Managing Harvesting Clients

Your Dataverse Installation as a Metadata Harvester

Harvesting is a process of exchanging metadata with other repositories. As a harvesting client, your Dataverse installation can gather metadata records from remote sources. These can be other Dataverse installations or other archives that support OAI-PMH, the standard harvesting protocol. Harvested metadata records will be indexed and made searchable by your users. Clicking on a harvested dataset in the search results takes the user to the original repository. Harvested datasets cannot be edited in your Dataverse installation.

Harvested records can be kept in sync with the original repository through scheduled incremental updates, daily or weekly. Alternatively, harvests can be run on demand, by the Admin.

Managing Harvesting Clients

To start harvesting metadata from a remote OAI repository, you first create and configure a Harvesting Client.

Clients are managed on the “Harvesting Clients” page accessible via the Dashboard. Click on the Add Client button to get started.

The process of creating a new, or editing an existing client, is largely self-explanatory. It is split into logical steps, in a way that allows the user to go back and correct the entries made earlier. The process is interactive and guidance text is provided. For example, the user is required to enter the URL of the remote OAI server. When they click Next, the application will try to establish a connection to the server in order to verify that it is working, and to obtain the information about the sets of metadata records and the metadata formats it supports. The choices offered to the user on the next page will be based on this extra information. If the application fails to establish a connection to the remote archive at the address specified, or if an invalid response is received, the user is given an opportunity to check and correct the URL they entered.

Please note that in some rare cases this GUI may fail to create a client because of some unexpected errors during these real time exchanges with an OAI server that is otherwise known to be valid. For example, in the past we have had issues with servers offering very long lists of sets (really long, in the thousands). To allow an admin to still be able to create a client in a situation like that, we provide the REST API that will do so without attempting any validation in real time. This obviously makes it the responsibility of the admin to supply the values that are definitely known to be valid - a working OAI url, the name of a set that does exist on the server, and/or a supported metadata format. See the Managing Harvesting Clients section of the Native API guide for more information.

Note that as of 5.13, a new entry “Custom HTTP Header” has been added to the Step 1. of Create or Edit form. This optional field can be used to configure this client with a specific HTTP header to be added to every OAI request.

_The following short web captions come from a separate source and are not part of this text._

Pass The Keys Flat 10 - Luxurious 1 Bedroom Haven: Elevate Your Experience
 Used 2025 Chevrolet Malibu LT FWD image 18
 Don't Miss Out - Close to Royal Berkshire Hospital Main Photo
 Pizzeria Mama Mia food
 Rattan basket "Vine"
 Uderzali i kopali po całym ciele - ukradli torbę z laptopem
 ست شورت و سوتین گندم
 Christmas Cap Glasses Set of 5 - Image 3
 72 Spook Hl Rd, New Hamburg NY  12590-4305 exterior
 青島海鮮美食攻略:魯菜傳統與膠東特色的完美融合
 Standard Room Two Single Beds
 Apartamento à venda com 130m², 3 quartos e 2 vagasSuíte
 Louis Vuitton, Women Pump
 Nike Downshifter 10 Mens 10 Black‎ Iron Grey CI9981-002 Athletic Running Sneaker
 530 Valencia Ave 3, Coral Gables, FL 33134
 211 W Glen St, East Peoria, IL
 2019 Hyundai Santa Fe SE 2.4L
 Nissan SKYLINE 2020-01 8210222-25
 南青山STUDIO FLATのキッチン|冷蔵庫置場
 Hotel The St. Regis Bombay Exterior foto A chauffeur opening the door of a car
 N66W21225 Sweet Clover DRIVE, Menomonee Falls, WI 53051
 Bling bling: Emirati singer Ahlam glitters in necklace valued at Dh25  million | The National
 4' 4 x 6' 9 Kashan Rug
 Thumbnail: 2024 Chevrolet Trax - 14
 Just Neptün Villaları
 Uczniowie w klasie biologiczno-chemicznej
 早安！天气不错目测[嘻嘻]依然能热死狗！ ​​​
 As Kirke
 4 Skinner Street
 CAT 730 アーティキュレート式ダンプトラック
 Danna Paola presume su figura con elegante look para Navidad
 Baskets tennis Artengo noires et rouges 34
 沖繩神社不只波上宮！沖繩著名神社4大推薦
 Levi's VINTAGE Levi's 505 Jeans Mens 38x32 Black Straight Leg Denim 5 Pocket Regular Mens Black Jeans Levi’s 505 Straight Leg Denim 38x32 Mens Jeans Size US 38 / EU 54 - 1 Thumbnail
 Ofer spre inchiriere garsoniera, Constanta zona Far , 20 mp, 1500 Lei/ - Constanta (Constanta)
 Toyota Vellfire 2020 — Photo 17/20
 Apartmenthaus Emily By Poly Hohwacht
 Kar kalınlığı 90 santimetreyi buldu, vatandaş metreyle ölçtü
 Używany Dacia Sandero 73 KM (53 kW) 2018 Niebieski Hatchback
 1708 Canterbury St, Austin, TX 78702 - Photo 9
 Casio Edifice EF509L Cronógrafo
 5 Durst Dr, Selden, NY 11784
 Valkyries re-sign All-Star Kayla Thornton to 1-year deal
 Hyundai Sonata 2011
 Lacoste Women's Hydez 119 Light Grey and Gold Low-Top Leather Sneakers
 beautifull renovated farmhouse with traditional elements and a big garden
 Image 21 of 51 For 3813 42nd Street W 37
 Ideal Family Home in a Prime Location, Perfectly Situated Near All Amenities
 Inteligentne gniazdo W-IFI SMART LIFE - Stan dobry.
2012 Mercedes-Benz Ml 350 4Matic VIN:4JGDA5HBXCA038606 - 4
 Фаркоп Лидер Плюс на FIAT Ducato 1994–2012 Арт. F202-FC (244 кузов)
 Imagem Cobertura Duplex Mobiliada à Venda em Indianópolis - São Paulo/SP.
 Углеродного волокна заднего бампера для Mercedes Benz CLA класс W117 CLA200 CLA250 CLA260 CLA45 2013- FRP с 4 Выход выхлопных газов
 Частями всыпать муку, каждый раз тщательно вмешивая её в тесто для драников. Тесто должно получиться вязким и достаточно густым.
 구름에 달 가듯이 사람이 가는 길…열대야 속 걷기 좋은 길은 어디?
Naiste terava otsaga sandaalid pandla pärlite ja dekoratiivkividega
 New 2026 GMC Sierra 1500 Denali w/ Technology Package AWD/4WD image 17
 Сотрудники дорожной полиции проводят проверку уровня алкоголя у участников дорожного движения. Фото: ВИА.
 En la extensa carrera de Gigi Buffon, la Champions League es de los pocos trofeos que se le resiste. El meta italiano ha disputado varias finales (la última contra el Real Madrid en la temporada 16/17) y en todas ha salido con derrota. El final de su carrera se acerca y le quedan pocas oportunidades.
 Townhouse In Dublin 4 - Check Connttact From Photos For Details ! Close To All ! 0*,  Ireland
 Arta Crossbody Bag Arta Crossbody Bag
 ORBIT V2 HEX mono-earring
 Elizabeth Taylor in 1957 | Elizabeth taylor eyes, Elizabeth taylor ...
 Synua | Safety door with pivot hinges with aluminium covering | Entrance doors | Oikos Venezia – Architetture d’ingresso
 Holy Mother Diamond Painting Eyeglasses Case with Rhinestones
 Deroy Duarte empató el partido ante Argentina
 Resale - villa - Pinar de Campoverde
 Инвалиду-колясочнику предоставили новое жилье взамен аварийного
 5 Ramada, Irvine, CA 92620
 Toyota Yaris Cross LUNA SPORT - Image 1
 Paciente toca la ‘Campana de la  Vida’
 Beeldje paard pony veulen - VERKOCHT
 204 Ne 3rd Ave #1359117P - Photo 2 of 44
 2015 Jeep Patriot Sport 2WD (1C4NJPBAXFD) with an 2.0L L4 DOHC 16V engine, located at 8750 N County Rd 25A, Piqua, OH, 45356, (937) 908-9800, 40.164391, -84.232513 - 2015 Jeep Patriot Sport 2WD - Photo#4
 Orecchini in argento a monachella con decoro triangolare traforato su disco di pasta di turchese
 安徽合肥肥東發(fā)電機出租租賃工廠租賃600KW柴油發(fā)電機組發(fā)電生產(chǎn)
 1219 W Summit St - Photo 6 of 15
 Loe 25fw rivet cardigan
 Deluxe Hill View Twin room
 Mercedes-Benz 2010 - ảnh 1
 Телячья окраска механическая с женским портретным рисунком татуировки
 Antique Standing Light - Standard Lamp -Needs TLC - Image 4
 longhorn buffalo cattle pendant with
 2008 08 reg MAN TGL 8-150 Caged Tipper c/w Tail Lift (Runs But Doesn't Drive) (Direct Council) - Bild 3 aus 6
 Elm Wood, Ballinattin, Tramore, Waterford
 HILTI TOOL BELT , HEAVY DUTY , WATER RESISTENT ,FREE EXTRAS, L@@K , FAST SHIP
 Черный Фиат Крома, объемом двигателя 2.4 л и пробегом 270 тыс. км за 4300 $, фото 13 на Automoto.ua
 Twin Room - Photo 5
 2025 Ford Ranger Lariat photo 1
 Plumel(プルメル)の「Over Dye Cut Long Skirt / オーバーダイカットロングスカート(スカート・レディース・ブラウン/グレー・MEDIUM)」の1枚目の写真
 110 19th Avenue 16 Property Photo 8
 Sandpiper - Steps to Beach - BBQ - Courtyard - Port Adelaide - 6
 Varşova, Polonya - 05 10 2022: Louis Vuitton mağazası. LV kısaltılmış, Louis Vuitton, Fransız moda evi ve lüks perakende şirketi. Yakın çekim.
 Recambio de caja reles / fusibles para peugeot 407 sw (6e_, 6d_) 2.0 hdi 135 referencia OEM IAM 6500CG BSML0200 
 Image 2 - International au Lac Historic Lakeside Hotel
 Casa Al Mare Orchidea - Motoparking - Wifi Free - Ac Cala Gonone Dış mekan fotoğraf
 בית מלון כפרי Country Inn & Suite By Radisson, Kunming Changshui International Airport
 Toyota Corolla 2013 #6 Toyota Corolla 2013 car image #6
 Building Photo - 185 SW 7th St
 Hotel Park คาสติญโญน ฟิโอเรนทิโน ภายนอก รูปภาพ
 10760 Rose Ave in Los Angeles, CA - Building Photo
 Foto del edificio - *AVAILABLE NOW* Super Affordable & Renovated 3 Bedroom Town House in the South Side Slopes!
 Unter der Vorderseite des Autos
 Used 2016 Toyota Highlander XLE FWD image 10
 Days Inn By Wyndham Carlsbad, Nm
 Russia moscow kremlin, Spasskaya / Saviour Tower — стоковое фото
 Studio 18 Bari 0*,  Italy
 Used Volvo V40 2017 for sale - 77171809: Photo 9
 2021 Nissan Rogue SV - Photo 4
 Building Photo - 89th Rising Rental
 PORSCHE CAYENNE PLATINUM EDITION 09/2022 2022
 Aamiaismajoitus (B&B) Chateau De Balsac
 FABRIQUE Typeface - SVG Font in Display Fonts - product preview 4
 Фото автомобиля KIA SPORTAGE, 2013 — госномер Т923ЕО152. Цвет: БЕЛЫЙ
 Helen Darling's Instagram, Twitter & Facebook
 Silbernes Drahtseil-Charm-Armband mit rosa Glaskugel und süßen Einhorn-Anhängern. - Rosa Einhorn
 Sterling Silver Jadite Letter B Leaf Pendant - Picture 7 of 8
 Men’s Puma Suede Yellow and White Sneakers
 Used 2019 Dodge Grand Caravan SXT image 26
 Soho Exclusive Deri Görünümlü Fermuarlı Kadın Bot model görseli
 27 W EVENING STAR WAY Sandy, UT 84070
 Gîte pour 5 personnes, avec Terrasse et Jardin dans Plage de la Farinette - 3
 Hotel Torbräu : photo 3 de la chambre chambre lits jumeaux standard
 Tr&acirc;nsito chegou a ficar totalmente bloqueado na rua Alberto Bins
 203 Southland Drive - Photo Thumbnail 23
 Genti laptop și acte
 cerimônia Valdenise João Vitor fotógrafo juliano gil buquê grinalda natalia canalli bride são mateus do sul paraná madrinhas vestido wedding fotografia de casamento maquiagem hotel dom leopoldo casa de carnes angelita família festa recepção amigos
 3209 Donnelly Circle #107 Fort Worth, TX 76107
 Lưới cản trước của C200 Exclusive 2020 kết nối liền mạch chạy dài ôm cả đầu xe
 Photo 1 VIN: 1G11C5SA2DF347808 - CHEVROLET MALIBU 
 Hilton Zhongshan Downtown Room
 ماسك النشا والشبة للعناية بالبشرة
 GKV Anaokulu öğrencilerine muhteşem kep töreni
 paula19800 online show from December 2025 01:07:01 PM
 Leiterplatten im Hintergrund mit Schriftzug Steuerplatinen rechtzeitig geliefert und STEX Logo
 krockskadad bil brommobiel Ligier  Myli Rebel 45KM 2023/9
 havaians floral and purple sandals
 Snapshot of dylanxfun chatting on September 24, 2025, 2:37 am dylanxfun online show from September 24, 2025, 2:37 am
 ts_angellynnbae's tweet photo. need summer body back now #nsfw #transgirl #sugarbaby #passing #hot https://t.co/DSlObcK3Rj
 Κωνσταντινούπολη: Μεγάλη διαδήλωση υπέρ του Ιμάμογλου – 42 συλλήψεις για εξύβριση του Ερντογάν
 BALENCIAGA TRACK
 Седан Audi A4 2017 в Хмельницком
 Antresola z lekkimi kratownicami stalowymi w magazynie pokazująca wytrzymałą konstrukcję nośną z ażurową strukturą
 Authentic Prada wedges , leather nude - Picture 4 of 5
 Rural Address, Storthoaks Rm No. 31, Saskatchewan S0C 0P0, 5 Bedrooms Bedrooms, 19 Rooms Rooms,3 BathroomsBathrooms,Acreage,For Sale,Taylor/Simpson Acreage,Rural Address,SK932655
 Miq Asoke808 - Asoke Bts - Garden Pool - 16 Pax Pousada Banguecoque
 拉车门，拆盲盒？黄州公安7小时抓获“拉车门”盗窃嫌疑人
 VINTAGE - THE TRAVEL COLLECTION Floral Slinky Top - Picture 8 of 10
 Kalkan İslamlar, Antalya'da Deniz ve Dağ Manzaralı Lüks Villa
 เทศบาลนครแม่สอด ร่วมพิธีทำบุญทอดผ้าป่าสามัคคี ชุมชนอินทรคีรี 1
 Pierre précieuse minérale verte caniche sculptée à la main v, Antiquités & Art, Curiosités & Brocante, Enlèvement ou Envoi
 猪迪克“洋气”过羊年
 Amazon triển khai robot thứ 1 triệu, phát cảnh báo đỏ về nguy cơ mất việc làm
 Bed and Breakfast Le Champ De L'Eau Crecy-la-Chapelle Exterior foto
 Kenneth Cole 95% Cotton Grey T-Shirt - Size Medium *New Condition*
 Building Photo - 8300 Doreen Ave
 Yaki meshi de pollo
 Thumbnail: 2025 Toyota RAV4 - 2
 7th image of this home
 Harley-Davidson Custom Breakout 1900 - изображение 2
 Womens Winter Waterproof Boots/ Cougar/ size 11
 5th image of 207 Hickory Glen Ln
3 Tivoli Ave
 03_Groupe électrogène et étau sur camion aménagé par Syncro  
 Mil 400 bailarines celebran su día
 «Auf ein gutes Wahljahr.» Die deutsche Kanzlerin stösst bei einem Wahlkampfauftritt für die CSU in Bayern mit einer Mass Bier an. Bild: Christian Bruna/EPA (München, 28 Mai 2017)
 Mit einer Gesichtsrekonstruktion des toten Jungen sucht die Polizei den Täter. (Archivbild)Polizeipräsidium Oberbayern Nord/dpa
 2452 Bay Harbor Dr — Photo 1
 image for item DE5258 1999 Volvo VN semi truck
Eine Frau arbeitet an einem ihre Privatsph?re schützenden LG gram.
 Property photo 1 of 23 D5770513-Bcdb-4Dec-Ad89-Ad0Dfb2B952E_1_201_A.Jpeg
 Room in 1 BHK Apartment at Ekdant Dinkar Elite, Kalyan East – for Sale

This is to accommodate a (rare) use case where the remote server may require a special token of some kind in order to offer some content not available to other clients. Most OAI servers offer the same publicly-available content to all clients, so few admins will have a use for this feature. It is however on the very first, Step 1. screen in case the OAI server requires this token even for the “ListSets” and “ListMetadataFormats” requests, which need to be sent in the Step 2. of creating or editing a client. Multiple headers can be supplied separated by \n - actual “backslash” and “n” characters, not a single “new line” character.

How to Stop a Harvesting Run in Progress

Some harvesting jobs, especially the initial full harvest of a very large set - such as the default set of public datasets at IQSS - can take many hours. In case it is necessary to terminate such a long-running job, the following mechanism is provided (note that it is only available to a sysadmin with shell access to the application server): Create an empty file in the domain logs directory with the following name: stopharvest_<name>.<pid>, where <name> is the nickname of the harvesting client and <pid> is the process id of the Application Server (Payara). This flag file needs to be owned by the same user that’s running Payara, so that the application can remove it after stopping the job in progress.

For example:

sudo touch /usr/local/payara6/glassfish/domains/domain1/logs/stopharvest_bigarchive.70916
sudo chown dataverse /usr/local/payara6/glassfish/domains/domain1/logs/stopharvest_bigarchive.70916

Note: If the application server is stopped and restarted, any running harvesting jobs will be killed but may remain marked as in progress in the database. We thus recommend using the mechanism here to stop ongoing harvests prior to a server restart.

What if a Run Fails?

Each harvesting client run logs a separate file per run to the app server’s default logging directory (/usr/local/payara6/glassfish/domains/domain1/logs/ unless you’ve changed it). Look for filenames in the format harvest_TARGET_YYYY_MM_DD_timestamp.log to get a better idea of what’s going wrong.

Note that you’ll want to run a minimum of Dataverse Software 4.6, optimally 4.18 or beyond, for the best OAI-PMH interoperability.